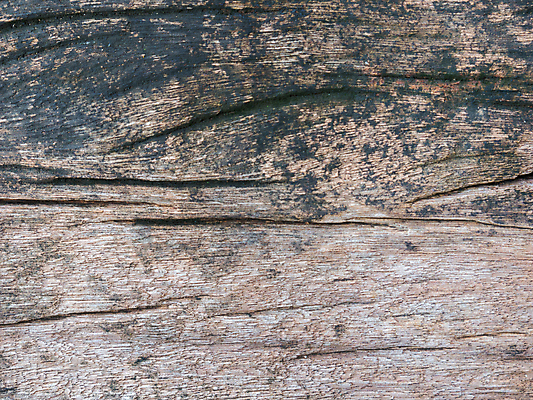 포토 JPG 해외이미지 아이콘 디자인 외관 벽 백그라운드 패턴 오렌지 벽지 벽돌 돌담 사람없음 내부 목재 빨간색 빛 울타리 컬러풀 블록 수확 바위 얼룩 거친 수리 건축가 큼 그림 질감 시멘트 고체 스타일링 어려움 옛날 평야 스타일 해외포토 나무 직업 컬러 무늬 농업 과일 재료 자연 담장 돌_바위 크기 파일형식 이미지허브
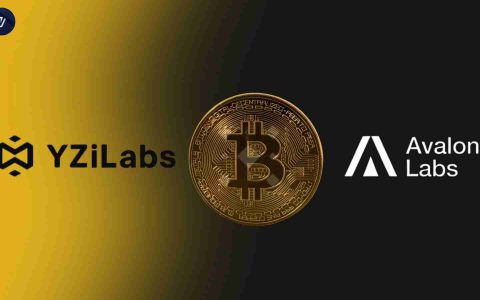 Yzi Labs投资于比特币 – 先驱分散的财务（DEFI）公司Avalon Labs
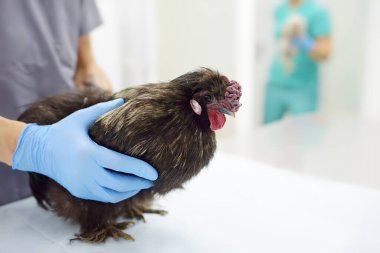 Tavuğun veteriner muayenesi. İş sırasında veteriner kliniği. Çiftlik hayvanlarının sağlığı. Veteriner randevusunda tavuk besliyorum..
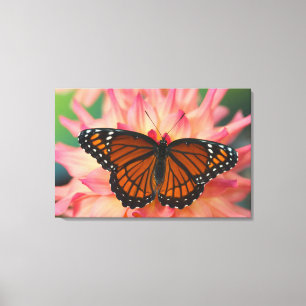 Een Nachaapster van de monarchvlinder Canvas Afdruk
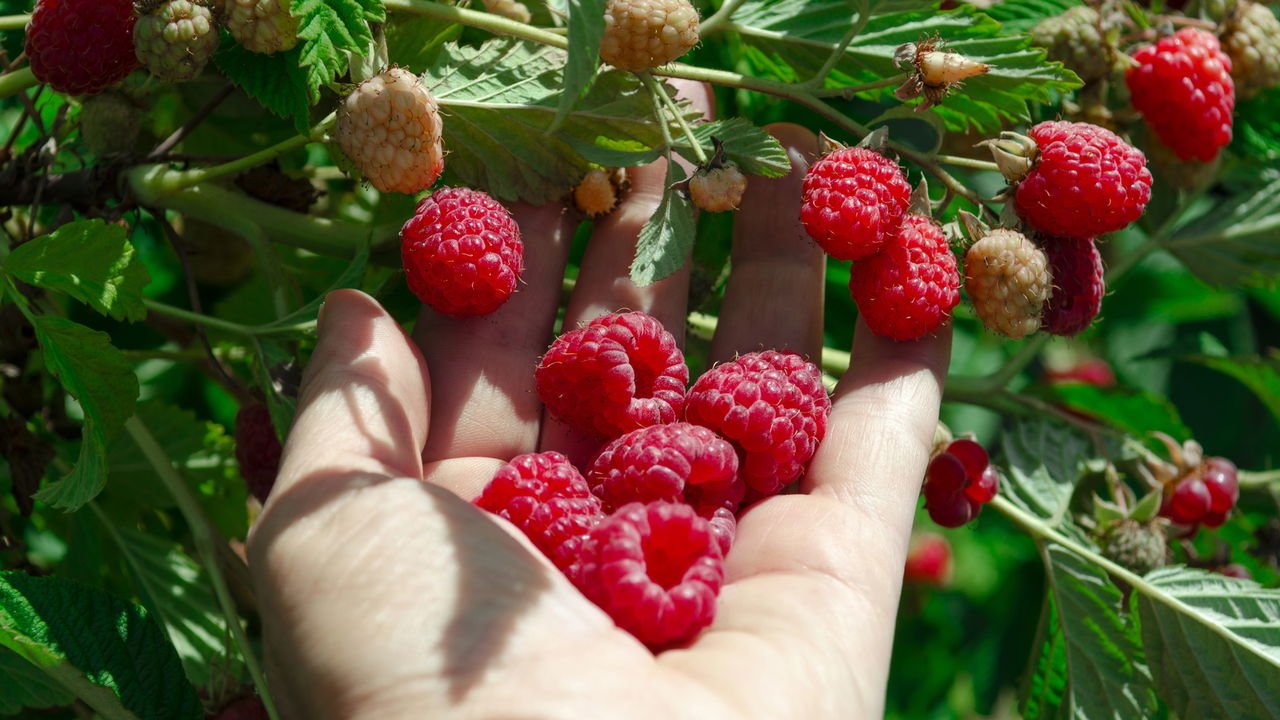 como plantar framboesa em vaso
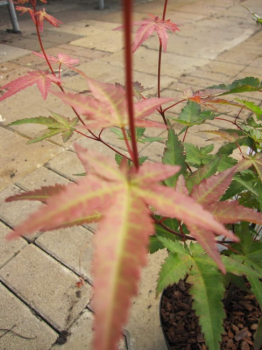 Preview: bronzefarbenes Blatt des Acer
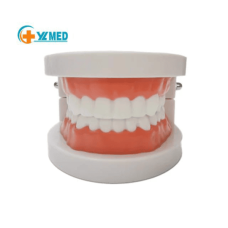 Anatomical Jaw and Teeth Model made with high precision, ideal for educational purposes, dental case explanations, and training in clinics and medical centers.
▬▬▬▬▬▬
Task to carry out — The listing above must be printed again exactly, minus its pictures.

Answer below —
 포토 JPG 해외이미지 아이콘 디자인 외관 벽 백그라운드 패턴 오렌지 벽지 벽돌 돌담 사람없음 내부 목재 빨간색 빛 울타리 컬러풀 블록 수확 바위 얼룩 거친 수리 건축가 큼 그림 질감 시멘트 고체 스타일링 어려움 옛날 평야 스타일 해외포토 나무 직업 컬러 무늬 농업 과일 재료 자연 담장 돌_바위 크기 파일형식 이미지허브
 Yzi Labs投资于比特币 – 先驱分散的财务（DEFI）公司Avalon Labs
 Tavuğun veteriner muayenesi. İş sırasında veteriner kliniği. Çiftlik hayvanlarının sağlığı. Veteriner randevusunda tavuk besliyorum..
 Een Nachaapster van de monarchvlinder Canvas Afdruk
 como plantar framboesa em vaso
 Preview: bronzefarbenes Blatt des Acer
 Anatomical Jaw and Teeth Model made with high precision, ideal for educational purposes, dental case explanations, and training in clinics and medical centers.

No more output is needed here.